Proses belajar pun, saya kira, sangat radikal atau mengakar. Dimulai dari menulis yang bermula dari membaca dan menghitung serta menulis yang berhulu dari mengenal keadaan sekitar. Tidak perlu muluk-muluk, sebagaimana saya diajari menghitung kecepatan kucuran air dari sebuah drum minyak yang sampai sekarang tidak pernah saya alami penerapannya dalam kehidupan. Juga bagaimana struktur Planet Mars tersusun. Karena benar, apa gunanya dalam kehidupan masyarakat (sekarang)?

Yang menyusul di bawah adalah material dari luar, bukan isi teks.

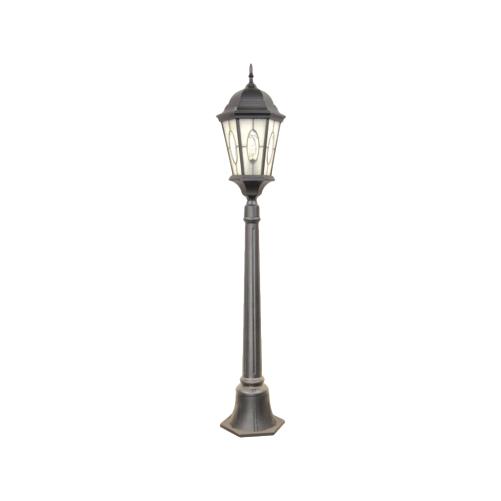 Đèn Led trụ công viên 5W
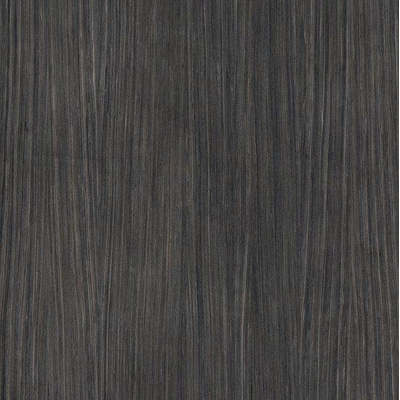 Douglas jones Magnum Vloer- en wandtegel - 120X120 - 6mm - gerectificeerd - Plank 6 Mat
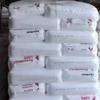 LDPE Exxon LD362 LD363 LD653 Grado Transparente Grado de Moldeo por Inyección de Alto Flujo Baja Densidad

Jika ditinjau dari segi kebahasaan, membaca buku ini layaknya saya berdialog dengan lawan bicara. Tidak ada sekat antara penulis dan pembaca. Gaya yang bisa dibilang dua arah dan penggunaan bahasa yang tidak terlalu tinggi bagi orang seperti saya, yakni awam, membuat siapa pun yang membaca nyaman dan tidak merasa digurui. Selalu saya diajak penulis untuk berdialektika tentang masalah konkret pendidikan yang sejak dulu hingga sekarang hanya mencetak buruh yang akan iya-iya saja kepada petinggi atau pemodal. Toto secara perlahan membuat saya bisa membuka mata berkait dengan permasalahan yang selama 14 tahun dan empat semester baru bisa saya lihat. Tentu apa yang bisa saya peroleh selama taman kanak-kanak sampai sekolah menengah atas berkait dengan kritik. Tentu kita bisa merasakan bagaimana benarbenar dicetak menjadi apa yang pemodal mau lewat penyelenggara pendidikan. Seperti jika lulus jadilah pengusaha, doktor, bupati. Lalu, siapa yang kemudian menjadi petani? Siapa yang akan menanam padi, sagu, dan bahan makanan kita?
Robotkah?
Secara keseluruhan, ini merupakan buku kritik dan solusi mengenai pendidikan yang wajib dibaca. Sejalan dengan hal itu, film Captain Fantastic 2016 yang dibintangi Viggo Mortensen juga menyuguhkan solusi atas neoliberalisme pendidikan. Bagaimana peran orang tua dalam mendidik serta membangun mental anak yang seperti saya sebutkan itu, yang tidak iya-iya saja. (Dheani Fauziah, martir pada #RabuBacaBuku-28)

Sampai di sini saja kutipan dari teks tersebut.